[Mimedefang] getting it right about how the filter works...
David F. Skoll
dfs at roaringpenguin.com
Wed Nov 28 09:39:40 EST 2001
On Wed, 28 Nov 2001, Tony Nugent wrote:
> First question: at what point is it "safe" (or unsafe) to access the
> variables declared at the top of mimedefang.pl?
The mimedefang-filter(5) man page has a section starting with the
sentence:
"In addition, the following global variables are available:"
The variables listed in that section are valid in filter_begin, filter,
and filter_end.
Any other global variables may or may not be; I make no guarantees. Read
the source to know for sure. :-)
> I'd like to be able to easily sort them chronologically by name.
> Is there any reason why a sequential timestamp mechanism not be
> used to generate these names, instead of random numbers?
That could be done, I suppose. I could base it on the time.
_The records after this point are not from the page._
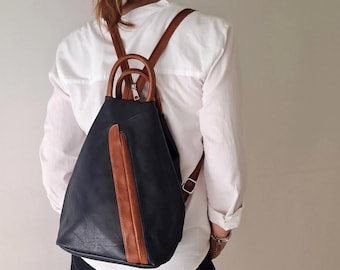 Black and Brown Leather Sling Backpack, Everyday Soft leather Rucksack, Travel safe backpacks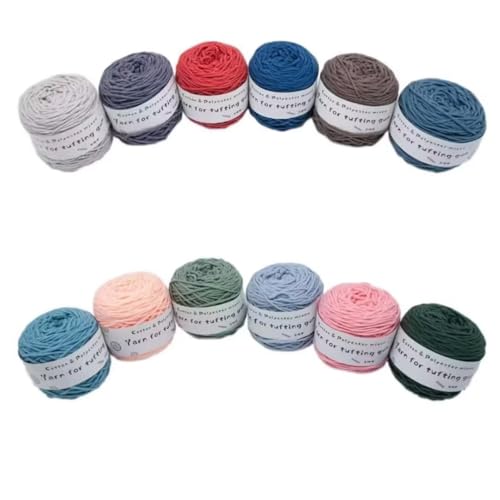 12 x 190 g Knäuel mit verschiedenen Tufting-Garnen, farbiges Poly- und Baumwollgarn, 8-fädiges Strickgarn für Tuftingpistole und Stanznadel, 5 mm Häkelnadel-Garn für Teppich/Pullover/Schal 12 x 190 g Knäuel mit verschiedenen Tufting-Garnen, farbiges Poly- und Baumwollgarn, 8-fädiges Strickgarn für Tuftingpistole und Stanznadel, 5 mm Häkelnadel-Garn für Teppich/Pullover/Schal von Generisch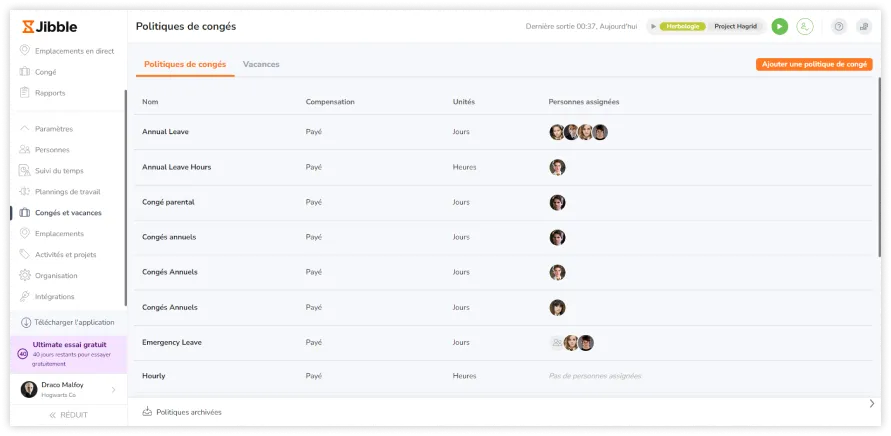 Time off policy settings on web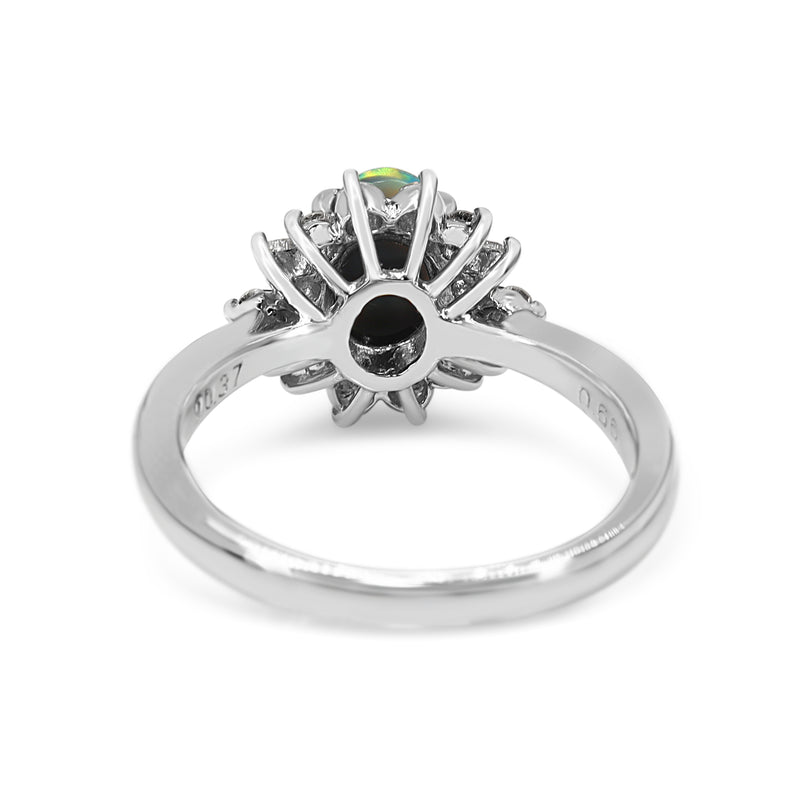 Platinum Vintage Opal and Diamond Cluster Ring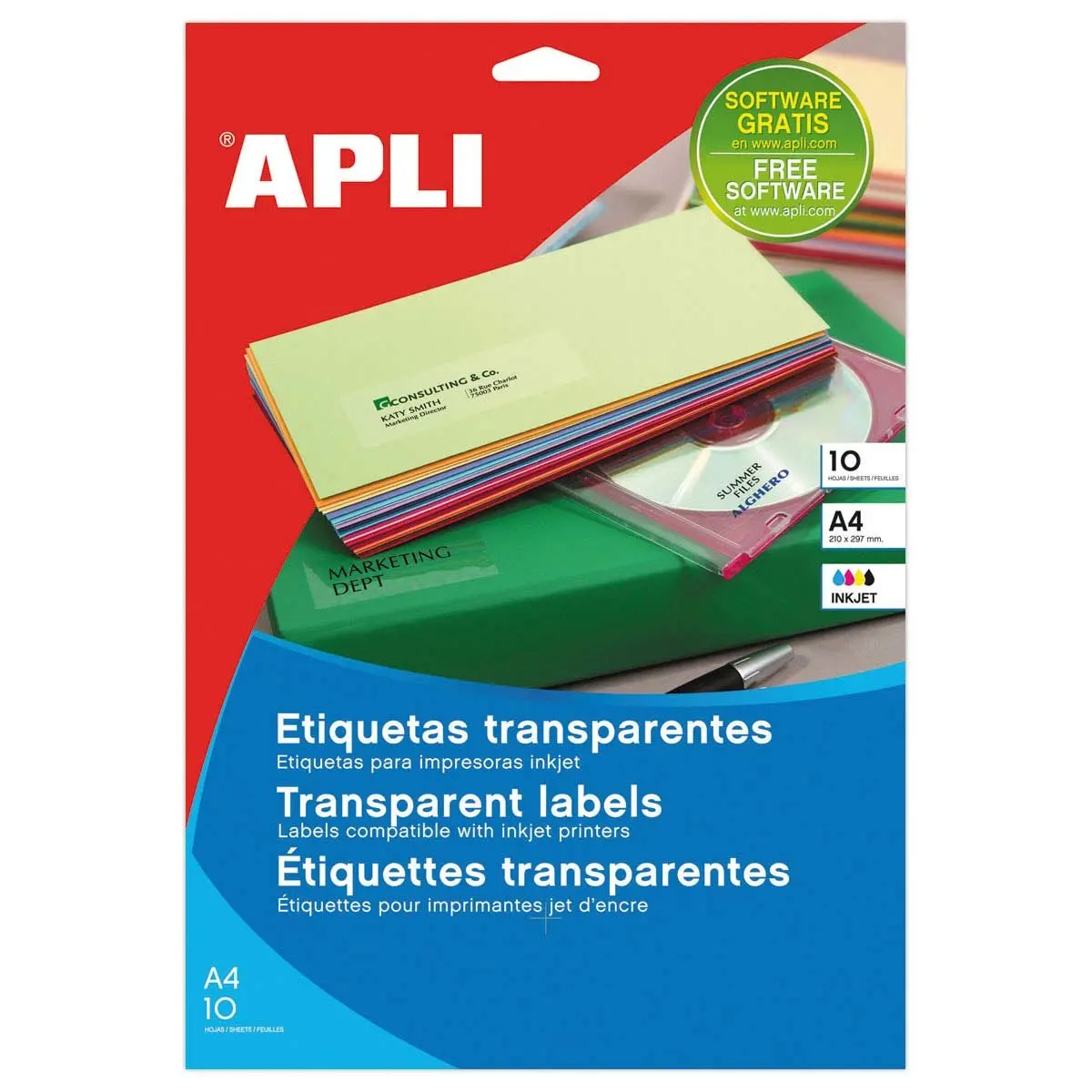 10 Planches d'&eacute;tiquettes transparentes 63,5x38,1 mm 210 &eacute;/Bte photo du produit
Please
vote for this change off-list, and if the consensus is that it's a good
idea, I'll make the change.
> I'd also like to be able to use the name of the quarantine
> directory as a reference string for the "incident", making them
> easy to find if they need to be retrieved. I haven't spotted the
> global variable that identifies this generated name may be - and
> I assume that it is only available filter_end() or in filter() in
> passes _after_ an action_quarantine() has been called.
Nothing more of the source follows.